Sus páginas se ocupan principalmente de los años en que el escritor soviético vivió su exilio en París, como consecuencia de la represión que sufrió por su activismo político antes de la Revolución de Octubre. En la capital francesa le tocó atestiguar una manifestación de protesta por la indignante ejecución en España del pedagogo anarquista Francisco Ferrer Guardia; allí conoció también a Lenin, quien lo impresionó profundamente (“Sus discursos se parecían a una espiral: temeroso de que no le comprendieran, volvía a la idea ya expuesta, pero nunca se limitaba a repetirla, sino que añadía algo nuevo”). Igualmente describe las penurias de los demás artistas que alternaban con él en el café La Rotonde, al que acudían Guillaume Apollinaire, Jean Cocteau, Marc Chagall, Max Jacob, Blaise Cendrars, Ángel Zárraga y otros (“sencillamente, deseábamos estar juntos: nos unía la sensación del común infortunio”).
Uno de los muchos pasajes memorables de la obra se refiere al lastimoso destino de la biblioteca Turguénev, a cuya fundación convocó en 1875, junto con otros compatriotas, el gran narrador ruso que le dio nombre. Ehrenburg y otros emigrados la visitaban con frecuencia, consultando sus fondos y enriqueciéndolos con manuscritos e impresos. Durante la Segunda Guerra Mundial, el jerarca nazi Alfred Rosenberg se apropió de ella remitiéndola a Alemania, donde quedó almacenada en una estación de ferrocarril, vencida finalmente por el olvido y la destrucción.
Su trato con Diego Rivera, quien ilustró dos de sus poemarios, despertó en él un particular cariño “por el enigmático México”, al grado que el protagonista de su novela satírica Las extraordinarias aventuras de Julio Jurenito es descrito como un mexicano. En una foto de 1918, el escritor ruso aparece con un sombrero de charro.
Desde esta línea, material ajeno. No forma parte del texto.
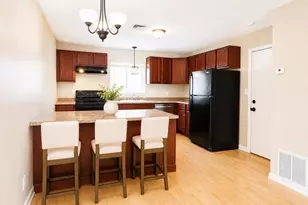 5455 N Main St, Fall River, MA 02720 - Photo 4
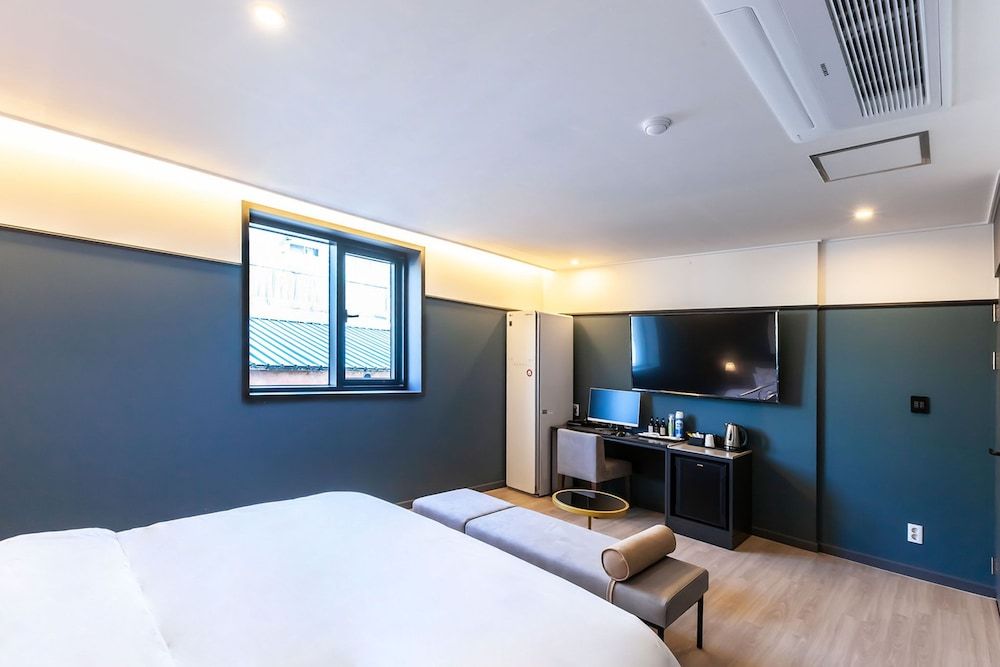 Brown Dot Hotel Sasang Renecite Deluxe Double Room 22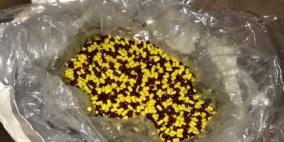 ضبط 2 طن ونصف كبسولات وعبوات ادوية تالفة بمخازن في رام الله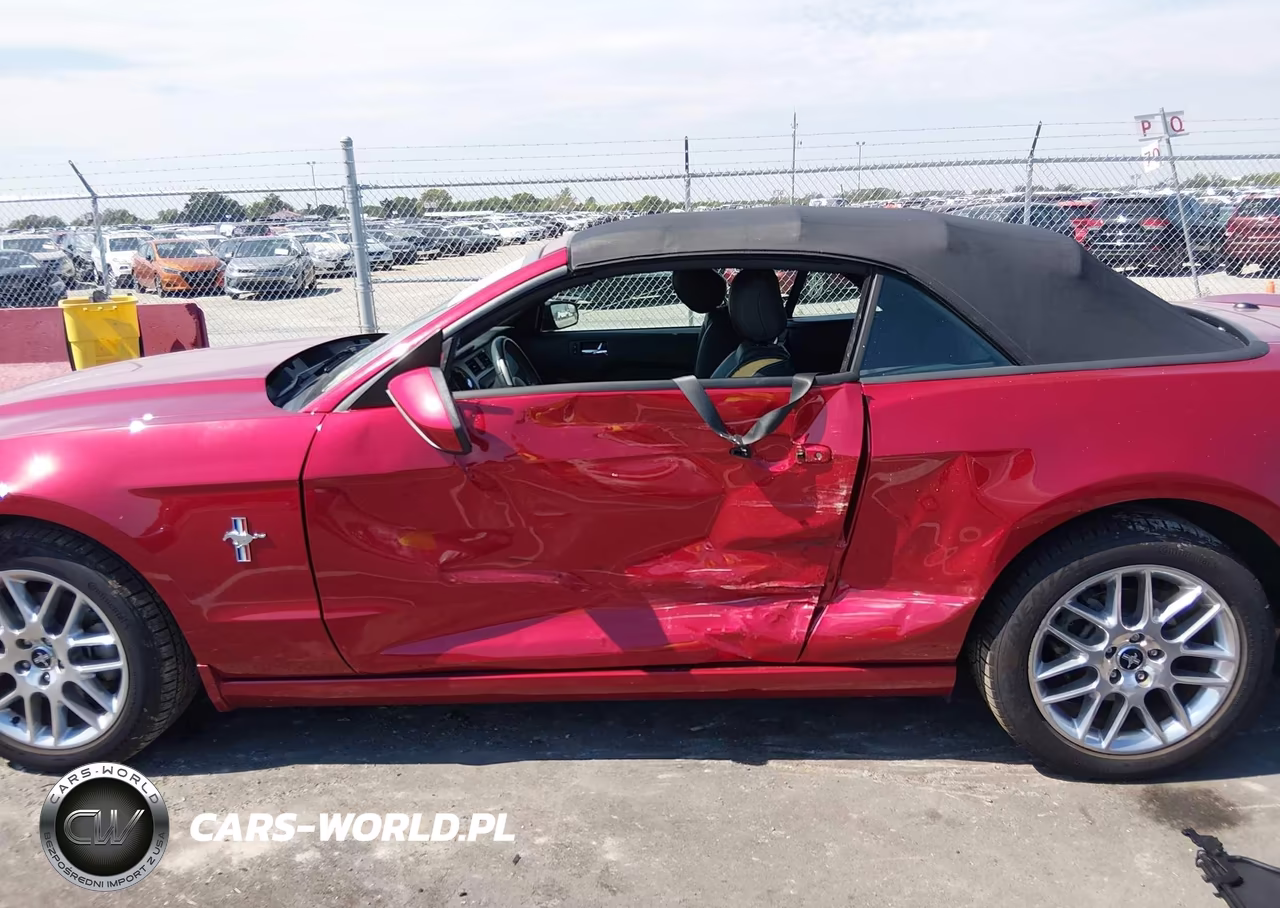 2013 Ford Mustang V6 Premium VIN:1ZVBP8EM8D5213475 - 6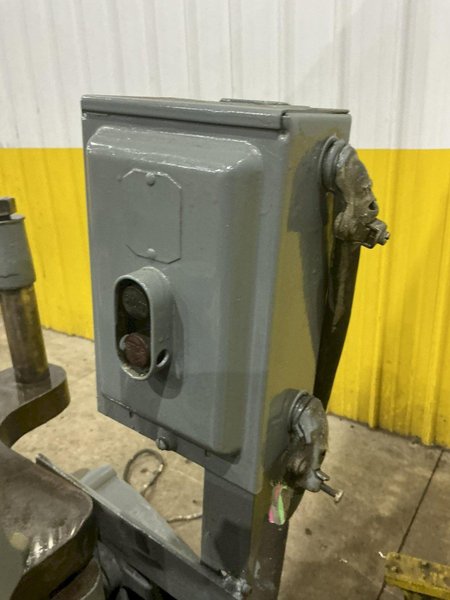 DAVIS KEYSEATER MODEL #4 : YOBRO #24817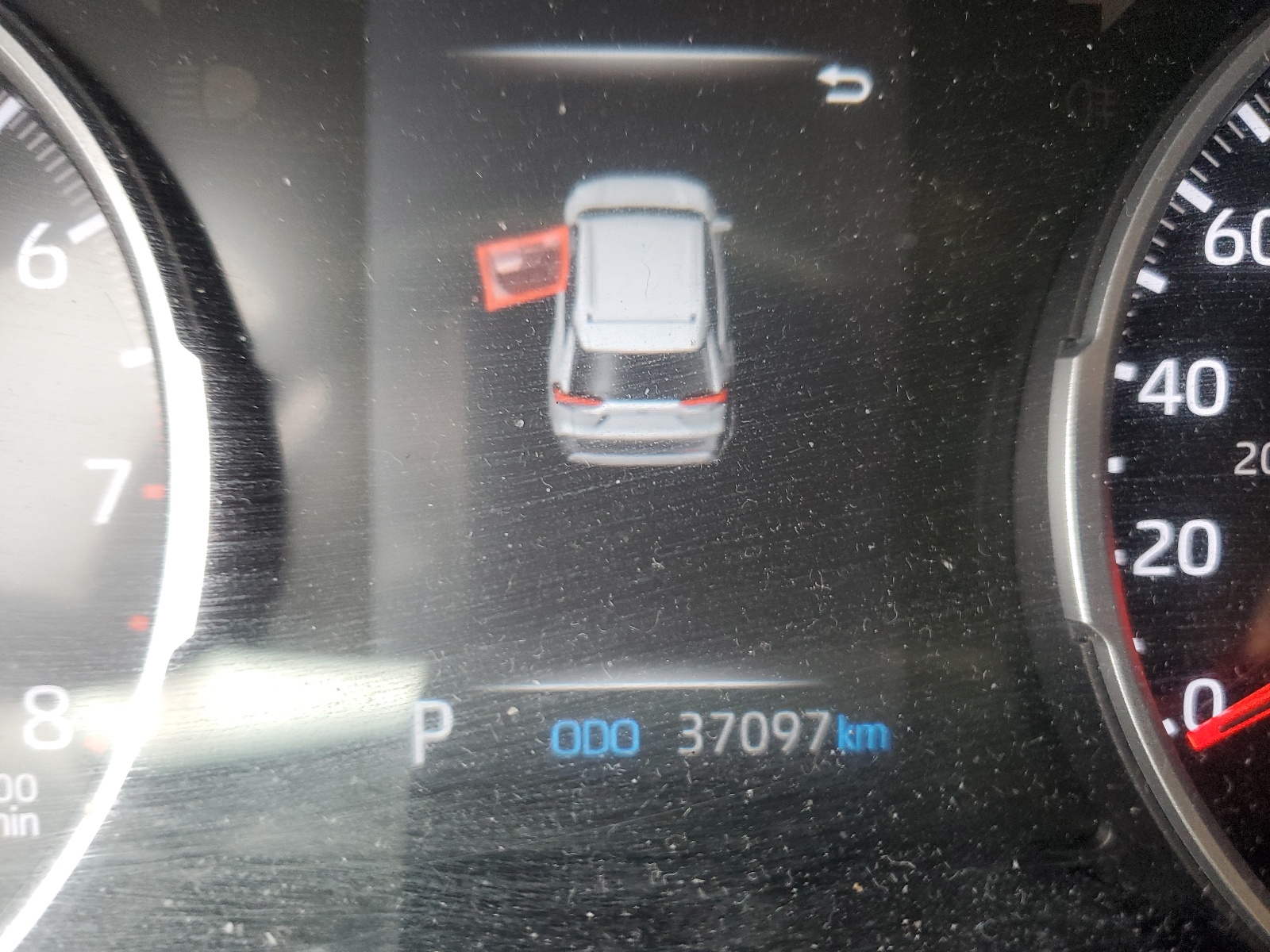 Photo 8 from auction – 2019 TOYOTA RAV4 LE with VIN 2T3B1RFV2KW045761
Pese a sus tropiezos, le quedó claro que el ímpetu revolucionario no es incompatible con la poesía. Su palabra no fue la de un hombre ingenuo ni la de un iluminado. En sus líneas asoma la opinión sensata, lo mismo que su devoción a la vida, al arte y al futuro.
Ilia Ehrenburg, Gente, años, vida. Primer libro de memorias. México, Editorial Joaquín Mortiz, 1962. Traducción de Augusto Vidal. 262 pp.